John Key has this vein that runs along his forehead and every time someone talks about Capital Gains Tax it bulges. For some strange reason he is opposed to everyone paying their fair share, and it puzzles me. Virtually every other developed nation has a form of Capital Gains Tax, the name might vary and the amount people pay might fluctuate but as a tax it is fair and equitable.
So why is Mr Key so opposed to it and why is the National/ACT government currently jumping up and down, spreading myth and rumour saying it will be the end of the world? Well it is simple it is their rich friends that will be affected and not the average man/woman on the street.
Respected economist Gareth Morgan has acknowledged that a capital gains tax makes sense. As Morgan states: “Our redistribution regime is broken, it cannot be rectified with still more patches to a rotten core. We have a chronic misallocation of capital. Investment in capital here has very little to do with the taxable income generated, in some cases it is inversely proportional, people with the greatest means to pay tax are commonly asset-rich and deliberately income-poor. The time for a tax on capital is overdue.”
The first thing is that it is a matter of fairness. If I go out and work hard all year for the average fulltime wage, I get $48,000 a year gross and pay $8,400 tax. If I have a business and it makes $48,000 profit in a year, it pays $13,400 tax. If my only income is interest and dividends and I get $48,000 a year I pay $7,400. If I have some investment properties and their capital value appreciates by $48,000 in a year and I sell up, I pay no tax.
Now lets not forget that it is tax on the capital gain that you pay the tax on, not the full sale price of the property. Let’s look at a possible scenario. You buy a property for $200,000 you then do it up which costs you $20,000 you then sell it for $300,000. So to work out the capital gain you need to look at the investment of $220,000 and the $80,000 you make when you sell it. So it will be 15% of the $80,000 that is taxed. So $12,000 paid in tax and you make $68,000 after tax on your original investment.
Now lets compare it to someone who is a wage or salary earner on $80,000. That person would have paid just under $20,000 in tax or 20% of their income. So even with a Capital Gains Tax the property investor would still be better off than the wage earner paying PAYE by $8,000.
The absence of a Capital Gains Tax has created huge distortions in our economy. These distortions are hugely damaging to our economy. Because we have taxed income but not capital, investors are massively motivated to put their money into assets they hope will grow in value rather than those that produce income. Hence we have seen massive growth in unproductive property investment, which has made owning your own home unaffordable for a large number of young people starting out.
Just as important though is the negative impact that not having a capital gains tax has on the productive economy.

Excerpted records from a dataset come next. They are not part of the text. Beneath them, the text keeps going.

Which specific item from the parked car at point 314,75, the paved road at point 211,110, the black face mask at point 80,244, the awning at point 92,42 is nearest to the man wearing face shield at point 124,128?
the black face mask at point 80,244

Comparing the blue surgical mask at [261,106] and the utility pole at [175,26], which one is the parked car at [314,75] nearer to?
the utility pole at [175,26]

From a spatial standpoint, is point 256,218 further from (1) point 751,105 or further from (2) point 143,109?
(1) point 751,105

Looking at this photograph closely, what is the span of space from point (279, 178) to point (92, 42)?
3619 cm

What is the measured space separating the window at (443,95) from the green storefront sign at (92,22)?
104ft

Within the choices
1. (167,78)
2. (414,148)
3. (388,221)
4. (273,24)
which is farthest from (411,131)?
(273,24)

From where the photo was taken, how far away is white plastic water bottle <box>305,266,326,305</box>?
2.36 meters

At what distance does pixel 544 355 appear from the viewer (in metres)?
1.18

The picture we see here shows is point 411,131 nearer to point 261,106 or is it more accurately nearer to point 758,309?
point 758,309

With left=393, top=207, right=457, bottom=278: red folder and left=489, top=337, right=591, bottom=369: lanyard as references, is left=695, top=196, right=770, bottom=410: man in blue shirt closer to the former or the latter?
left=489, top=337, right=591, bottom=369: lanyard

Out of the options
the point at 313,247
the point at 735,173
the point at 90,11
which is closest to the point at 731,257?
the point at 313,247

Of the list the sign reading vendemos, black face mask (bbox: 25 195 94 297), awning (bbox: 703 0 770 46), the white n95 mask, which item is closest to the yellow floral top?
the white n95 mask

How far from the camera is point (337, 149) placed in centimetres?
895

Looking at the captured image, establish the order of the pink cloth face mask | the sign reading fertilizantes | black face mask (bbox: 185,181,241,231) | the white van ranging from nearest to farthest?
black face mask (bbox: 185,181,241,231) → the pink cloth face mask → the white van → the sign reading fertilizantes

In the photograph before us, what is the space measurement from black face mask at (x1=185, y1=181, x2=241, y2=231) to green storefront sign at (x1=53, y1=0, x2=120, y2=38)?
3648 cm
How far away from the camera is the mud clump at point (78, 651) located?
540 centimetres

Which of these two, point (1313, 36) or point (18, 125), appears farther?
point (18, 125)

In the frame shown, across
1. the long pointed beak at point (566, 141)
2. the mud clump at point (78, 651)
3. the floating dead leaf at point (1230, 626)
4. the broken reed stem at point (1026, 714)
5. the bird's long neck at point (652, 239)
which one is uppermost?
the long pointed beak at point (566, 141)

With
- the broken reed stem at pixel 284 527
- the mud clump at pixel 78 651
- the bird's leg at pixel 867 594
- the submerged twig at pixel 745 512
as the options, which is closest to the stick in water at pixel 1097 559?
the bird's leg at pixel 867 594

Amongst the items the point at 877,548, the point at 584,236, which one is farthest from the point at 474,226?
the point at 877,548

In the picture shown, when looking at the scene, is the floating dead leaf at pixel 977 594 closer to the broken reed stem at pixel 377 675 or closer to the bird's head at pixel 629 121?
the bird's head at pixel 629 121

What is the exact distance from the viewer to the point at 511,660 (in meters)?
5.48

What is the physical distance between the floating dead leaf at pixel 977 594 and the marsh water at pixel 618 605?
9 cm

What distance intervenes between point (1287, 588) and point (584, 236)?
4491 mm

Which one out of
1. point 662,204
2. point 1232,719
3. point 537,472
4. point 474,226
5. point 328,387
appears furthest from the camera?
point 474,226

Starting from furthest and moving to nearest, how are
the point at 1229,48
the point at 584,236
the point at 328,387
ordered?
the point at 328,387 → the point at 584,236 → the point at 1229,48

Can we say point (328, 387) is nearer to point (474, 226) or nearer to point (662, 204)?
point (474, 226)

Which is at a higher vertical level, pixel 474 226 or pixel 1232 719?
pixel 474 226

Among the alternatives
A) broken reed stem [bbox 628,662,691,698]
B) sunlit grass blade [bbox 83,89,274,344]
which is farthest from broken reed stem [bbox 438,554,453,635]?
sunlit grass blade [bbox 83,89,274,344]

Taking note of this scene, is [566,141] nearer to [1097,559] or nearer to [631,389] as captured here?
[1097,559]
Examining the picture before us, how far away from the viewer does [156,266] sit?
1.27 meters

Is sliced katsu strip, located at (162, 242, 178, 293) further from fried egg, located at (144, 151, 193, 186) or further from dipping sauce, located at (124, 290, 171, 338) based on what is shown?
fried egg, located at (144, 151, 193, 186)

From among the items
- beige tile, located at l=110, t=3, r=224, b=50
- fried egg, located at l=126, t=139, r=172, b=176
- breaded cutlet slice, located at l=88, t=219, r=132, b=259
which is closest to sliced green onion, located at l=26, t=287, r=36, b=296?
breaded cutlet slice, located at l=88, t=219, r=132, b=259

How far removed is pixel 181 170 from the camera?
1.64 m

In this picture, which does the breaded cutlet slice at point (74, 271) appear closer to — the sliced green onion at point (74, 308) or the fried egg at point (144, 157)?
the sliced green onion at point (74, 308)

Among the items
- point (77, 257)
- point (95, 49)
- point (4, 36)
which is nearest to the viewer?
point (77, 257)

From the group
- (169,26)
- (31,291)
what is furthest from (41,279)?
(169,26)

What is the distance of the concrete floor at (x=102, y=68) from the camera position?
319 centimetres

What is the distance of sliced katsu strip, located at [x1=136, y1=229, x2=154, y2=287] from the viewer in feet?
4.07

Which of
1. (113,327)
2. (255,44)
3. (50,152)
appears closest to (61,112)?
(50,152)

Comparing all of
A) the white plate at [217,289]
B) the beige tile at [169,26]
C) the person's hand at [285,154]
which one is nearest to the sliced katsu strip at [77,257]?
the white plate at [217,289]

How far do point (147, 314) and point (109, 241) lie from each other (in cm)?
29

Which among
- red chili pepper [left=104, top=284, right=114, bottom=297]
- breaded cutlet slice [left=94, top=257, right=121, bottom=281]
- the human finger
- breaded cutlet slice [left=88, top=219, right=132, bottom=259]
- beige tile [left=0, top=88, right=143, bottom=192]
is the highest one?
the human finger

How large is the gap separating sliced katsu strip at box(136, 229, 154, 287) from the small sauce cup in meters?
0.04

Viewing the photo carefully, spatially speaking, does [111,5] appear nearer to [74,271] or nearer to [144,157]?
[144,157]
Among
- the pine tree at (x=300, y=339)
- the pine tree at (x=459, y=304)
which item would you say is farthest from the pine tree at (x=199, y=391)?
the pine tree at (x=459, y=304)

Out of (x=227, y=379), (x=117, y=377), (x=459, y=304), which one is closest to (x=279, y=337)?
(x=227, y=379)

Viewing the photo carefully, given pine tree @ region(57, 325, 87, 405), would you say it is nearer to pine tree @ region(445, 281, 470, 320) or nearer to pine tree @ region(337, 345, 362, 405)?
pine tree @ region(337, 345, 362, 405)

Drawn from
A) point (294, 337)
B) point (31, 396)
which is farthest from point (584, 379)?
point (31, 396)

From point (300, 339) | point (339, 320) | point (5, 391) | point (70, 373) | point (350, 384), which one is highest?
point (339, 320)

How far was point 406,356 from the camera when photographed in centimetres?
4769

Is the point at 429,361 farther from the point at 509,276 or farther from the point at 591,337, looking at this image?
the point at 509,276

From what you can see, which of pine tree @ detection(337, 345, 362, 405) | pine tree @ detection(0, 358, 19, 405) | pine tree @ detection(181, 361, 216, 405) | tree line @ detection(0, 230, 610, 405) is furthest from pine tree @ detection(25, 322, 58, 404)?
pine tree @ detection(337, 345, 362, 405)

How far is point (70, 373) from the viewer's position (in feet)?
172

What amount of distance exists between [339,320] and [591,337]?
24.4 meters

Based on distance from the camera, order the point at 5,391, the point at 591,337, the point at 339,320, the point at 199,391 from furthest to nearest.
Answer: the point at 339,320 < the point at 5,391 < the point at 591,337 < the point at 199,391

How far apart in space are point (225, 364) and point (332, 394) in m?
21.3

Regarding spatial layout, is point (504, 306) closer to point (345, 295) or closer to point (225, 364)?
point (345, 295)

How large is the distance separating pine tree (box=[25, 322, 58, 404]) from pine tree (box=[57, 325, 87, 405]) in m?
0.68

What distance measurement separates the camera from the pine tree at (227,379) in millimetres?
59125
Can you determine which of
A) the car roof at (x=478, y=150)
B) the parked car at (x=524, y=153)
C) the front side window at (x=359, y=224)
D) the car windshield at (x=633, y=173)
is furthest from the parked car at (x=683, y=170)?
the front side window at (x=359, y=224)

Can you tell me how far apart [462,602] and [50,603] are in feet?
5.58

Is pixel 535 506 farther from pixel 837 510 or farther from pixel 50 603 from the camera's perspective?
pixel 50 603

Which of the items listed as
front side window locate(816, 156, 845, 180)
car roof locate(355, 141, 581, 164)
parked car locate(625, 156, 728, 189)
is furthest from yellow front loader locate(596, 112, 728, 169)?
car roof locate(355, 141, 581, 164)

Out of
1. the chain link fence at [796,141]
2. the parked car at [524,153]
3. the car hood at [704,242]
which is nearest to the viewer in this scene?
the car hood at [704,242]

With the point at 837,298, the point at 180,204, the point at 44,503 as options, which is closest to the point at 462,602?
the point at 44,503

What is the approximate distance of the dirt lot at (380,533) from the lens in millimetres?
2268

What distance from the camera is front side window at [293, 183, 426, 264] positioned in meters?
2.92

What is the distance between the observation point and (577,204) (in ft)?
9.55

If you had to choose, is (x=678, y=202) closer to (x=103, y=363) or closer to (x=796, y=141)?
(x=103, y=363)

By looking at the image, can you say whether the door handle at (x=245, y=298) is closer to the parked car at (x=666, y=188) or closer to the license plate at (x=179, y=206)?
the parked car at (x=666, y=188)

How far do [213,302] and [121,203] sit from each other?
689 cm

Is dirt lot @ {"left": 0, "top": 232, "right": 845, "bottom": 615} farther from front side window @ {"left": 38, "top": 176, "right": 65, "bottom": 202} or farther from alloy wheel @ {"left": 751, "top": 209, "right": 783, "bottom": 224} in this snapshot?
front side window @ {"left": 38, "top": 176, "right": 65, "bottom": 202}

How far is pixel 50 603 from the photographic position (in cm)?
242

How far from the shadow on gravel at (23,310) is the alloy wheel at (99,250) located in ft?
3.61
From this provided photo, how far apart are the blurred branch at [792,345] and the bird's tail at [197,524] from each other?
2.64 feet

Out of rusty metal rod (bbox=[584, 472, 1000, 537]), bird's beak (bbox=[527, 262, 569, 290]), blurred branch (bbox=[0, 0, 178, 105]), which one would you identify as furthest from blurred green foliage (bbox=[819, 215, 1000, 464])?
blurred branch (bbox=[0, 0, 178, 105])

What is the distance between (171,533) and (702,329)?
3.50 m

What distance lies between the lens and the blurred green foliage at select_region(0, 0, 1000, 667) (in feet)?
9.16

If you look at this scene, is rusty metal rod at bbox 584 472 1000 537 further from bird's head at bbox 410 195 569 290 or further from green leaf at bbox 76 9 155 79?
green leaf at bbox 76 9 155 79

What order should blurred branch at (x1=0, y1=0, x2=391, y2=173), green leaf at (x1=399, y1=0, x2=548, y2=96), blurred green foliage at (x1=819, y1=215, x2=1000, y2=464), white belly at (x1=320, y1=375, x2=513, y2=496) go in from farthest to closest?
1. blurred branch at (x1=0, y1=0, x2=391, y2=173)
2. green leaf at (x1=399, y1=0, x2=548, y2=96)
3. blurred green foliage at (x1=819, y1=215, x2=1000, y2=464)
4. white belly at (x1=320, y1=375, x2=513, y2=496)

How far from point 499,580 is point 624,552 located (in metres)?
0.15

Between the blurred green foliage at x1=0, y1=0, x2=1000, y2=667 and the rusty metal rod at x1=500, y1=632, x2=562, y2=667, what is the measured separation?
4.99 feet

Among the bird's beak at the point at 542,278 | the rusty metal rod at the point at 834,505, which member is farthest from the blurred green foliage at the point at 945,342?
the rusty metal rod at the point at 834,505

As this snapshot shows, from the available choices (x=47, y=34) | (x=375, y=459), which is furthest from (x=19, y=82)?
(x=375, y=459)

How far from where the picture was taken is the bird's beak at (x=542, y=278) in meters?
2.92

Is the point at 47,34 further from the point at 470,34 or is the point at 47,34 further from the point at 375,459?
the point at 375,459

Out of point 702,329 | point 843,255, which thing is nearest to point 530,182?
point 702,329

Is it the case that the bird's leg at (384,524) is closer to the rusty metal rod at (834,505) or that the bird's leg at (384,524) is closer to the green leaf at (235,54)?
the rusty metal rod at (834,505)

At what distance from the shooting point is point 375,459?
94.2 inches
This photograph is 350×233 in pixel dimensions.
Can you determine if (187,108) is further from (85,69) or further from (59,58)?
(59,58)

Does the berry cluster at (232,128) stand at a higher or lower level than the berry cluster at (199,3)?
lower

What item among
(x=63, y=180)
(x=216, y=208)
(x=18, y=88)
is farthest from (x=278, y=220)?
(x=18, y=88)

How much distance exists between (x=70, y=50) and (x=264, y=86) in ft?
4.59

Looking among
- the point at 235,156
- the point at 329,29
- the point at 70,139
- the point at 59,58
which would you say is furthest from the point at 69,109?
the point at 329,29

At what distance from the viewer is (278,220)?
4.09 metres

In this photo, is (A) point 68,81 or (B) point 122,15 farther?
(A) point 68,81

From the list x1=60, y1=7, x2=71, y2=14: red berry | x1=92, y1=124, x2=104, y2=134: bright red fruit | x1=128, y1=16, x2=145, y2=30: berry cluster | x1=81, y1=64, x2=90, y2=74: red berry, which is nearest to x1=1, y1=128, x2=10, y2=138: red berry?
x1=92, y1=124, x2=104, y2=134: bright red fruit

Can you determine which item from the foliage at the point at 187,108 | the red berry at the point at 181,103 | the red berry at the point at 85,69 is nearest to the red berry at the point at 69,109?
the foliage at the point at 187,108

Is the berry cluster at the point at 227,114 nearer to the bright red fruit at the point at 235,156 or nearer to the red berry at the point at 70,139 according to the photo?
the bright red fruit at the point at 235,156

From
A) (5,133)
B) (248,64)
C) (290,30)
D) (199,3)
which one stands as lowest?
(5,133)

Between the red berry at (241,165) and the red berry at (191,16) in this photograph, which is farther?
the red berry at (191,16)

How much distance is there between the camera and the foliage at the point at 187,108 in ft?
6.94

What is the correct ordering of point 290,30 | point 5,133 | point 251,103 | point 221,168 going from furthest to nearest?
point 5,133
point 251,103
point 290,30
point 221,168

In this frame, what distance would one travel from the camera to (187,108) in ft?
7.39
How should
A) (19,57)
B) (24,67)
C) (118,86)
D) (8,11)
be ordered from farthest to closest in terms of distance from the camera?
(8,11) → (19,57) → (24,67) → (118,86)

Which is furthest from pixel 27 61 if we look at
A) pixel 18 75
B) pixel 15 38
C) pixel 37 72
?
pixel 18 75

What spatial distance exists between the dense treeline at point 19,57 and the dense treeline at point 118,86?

Dairy farming is a good example. Most farmers take on massive debt to purchase land. Farmers work extremely hard, take minimal income out of the business and try and pay off the debt as quickly as possible. At the end many hope for the big tax-free payoff when they sell up.
Financial commentator Rod Oram states that the result of this has been that the dairy sector has quadrupled its debt to $43 billion in the decade before the current recession. This led to skyrocketing land prices that were uneconomic when compared with competing farms overseas. Good US pastoral land for example is one-quarter of the price here. This growth in New Zealand pastoral land prices added little to industry performance.
Essentially a number of farmers now farm for capital gains. The result is that ownership patterns are changing with young farmers gradually being priced out of the market with a growing number of farms now being foreign owned.
Capital Gains Tax is a great way of levelling the playing field. It gets the people at the top to pay their fair share. Labour is advancing a tax policy that most economists, the Reserve Bank, and the Government’s own Tax Working Group endorse. It is not novel New Zealand will just be coming into line with the rest of the world. Very few countries don't have Capital Gains Tax and most of them are tax havens such as, Belize, Cayman Islands and Isle of Man.
At 15% New Zealand will remain competitive against most other countries, over a period of time it will realise a regular income of a couple of billion dollars a year and this can be invested back into public services, removing GST from fruit and vegetables and finally developing a tax system that is fairer and will provide an income stream for the government that will enable it to significantly reduce foreign debt without selling our income generating assets.